Does the name John A. Mann ring a bell? Maybe not, but that was the original name of one of Ghana’s famous guitarists.
He played with Moses Kweku Oppong in the Kakaikus Guitar Band in the early 60s. He became the ‘total king of highlife’ in 1971, when he released the record ‘Nimpa Rebre’ with vocals by Pat Thomas. Like Saul in the Bible whose name God changed to Paul, John Anthony Mann told Joy FM's Jefferson Sackey that he heard the voice of God and had his name changed to C.K. Mann.
Inside his three bedroom house, a number of local and international awards were displayed. For him the days of Jet setting and performing for presidents and prime ministers maybe over but his link to Takoradi, the city that brought him up will never depart.
Known for blending African authentic music with European influences, C.K. Mann said he was inspired by Latin American music and created a style of his own.
C.K. Mann became known as a virtuous guitar player in Ghana when he played with Moses Kweku Oppong in the Kakaikus Guitar Band in the early 60’s. He later became leader of the band Ocean’s Strings until 1966.
He formed the group Caroussel 7 on invitation of the owner of the Club ‘Princess’, Anis Moubaratk, and played as resident artist with Caroussel Ago-go Takoradi.

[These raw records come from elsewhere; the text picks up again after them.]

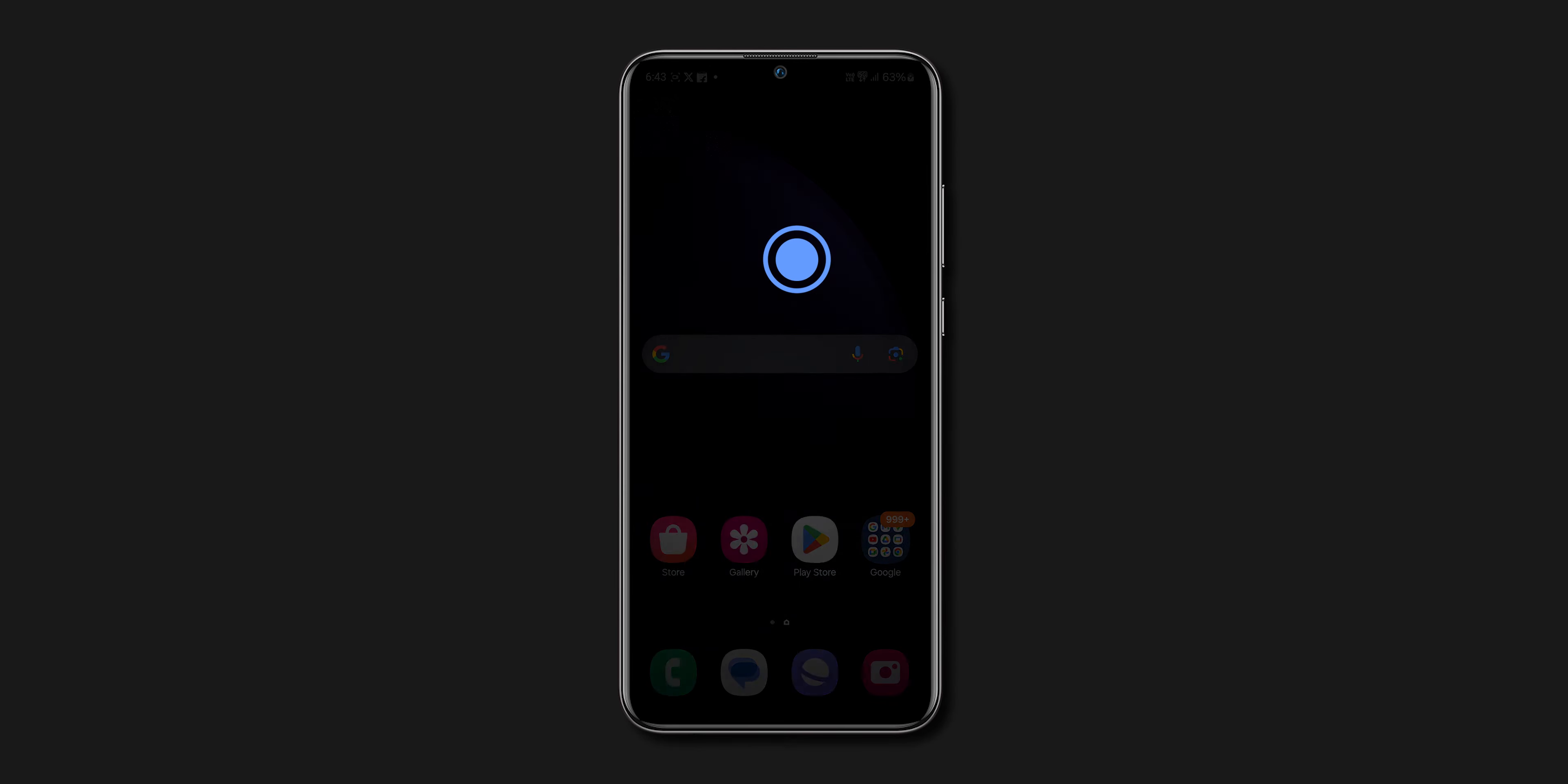To disable the double tap, toggle off the switch next to double tap to turn off the screen. And when you double tap on your home screen, your phone will not be off.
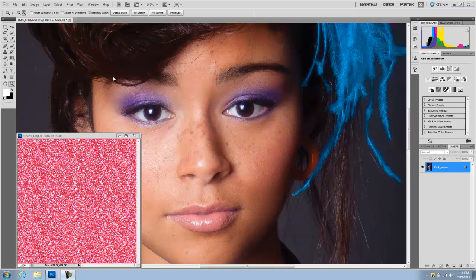Hi guys, what's up? This is Angela and I'm bringing you another video tutorial. This tutorial was requested by a user from Facebook who asked how to add texture to an area from another photograph. He specifically asked about having airbrush skin and adding texture afterwards.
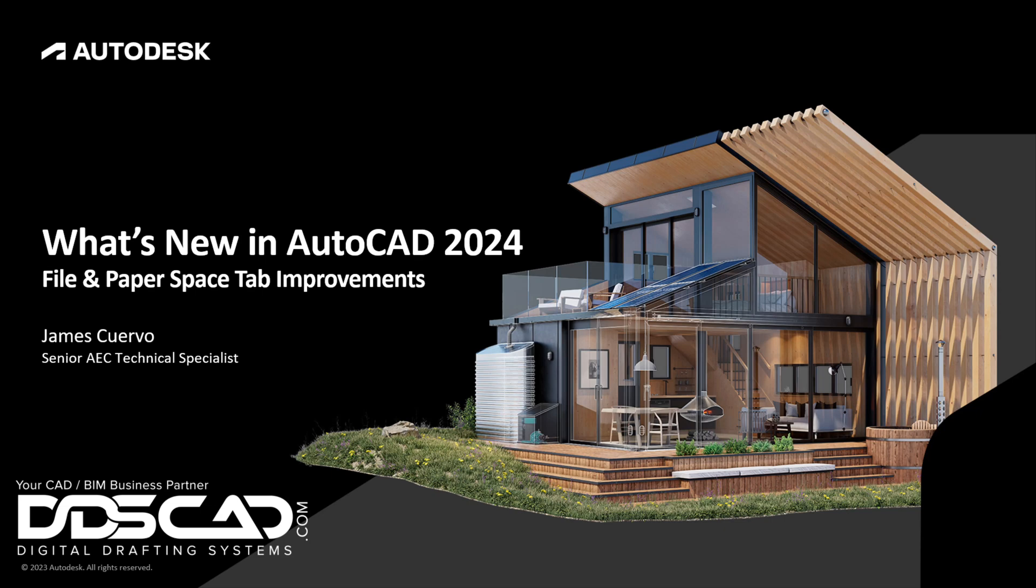Hi everyone, and welcome to our blog. I am Jim Cuervo, Senior Trainer and Support here at Digital Drafting Systems. The following is an excerpt from our webinar on what is new in AutoCAD 2024. Please do not hesitate to drop us a line should you have any questions. Enjoy our presentation. Have a great day.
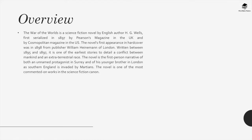Beginning with the overview: The War of the Worlds is a science fiction novel by English author H.G. Wells, first serialized in 1897 by Pearson's Magazine in the UK and by Cosmopolitan Magazine in the US. The novel's first appearance in hardcover was in 1898 from publisher William Heinemann of London. Written between 1895 and 1897, it is one of the earliest stories to detail a conflict between mankind and an extraterrestrial race. The novel is a first-person narrative of both an unnamed protagonist in Surrey and of his younger brother in London as southern England is invaded by Martians. The novel is one of the most commented-on works in the science fiction canon.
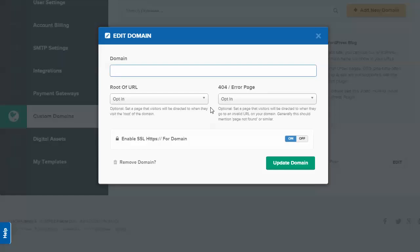This would be the full site, like membership.myblog.com, and then you set up ClickFunnels as a CNAME record. Sounds complicated if you haven't done it before, but it's not—it's really easy and just takes a few minutes.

He scored a hit with the single ‘Edina Benya’ in 1969. He became the ‘total king of highlife ‘ in Ghana in 1971, when he released the record ‘Nimpa Rebre’, with vocals of Pat Thomas and Kofi Yankwon.
C.K. Mann is one of a kind in the early days of Ghanaian Funky Highlife. Even at age 73, he has a strong sense of humor. That mysterious encounter he experienced in his early twenties - which led to his name change has been the secrete to his success.
Today he has established the C.K. Mann Child Foundation where he helps needy children in school.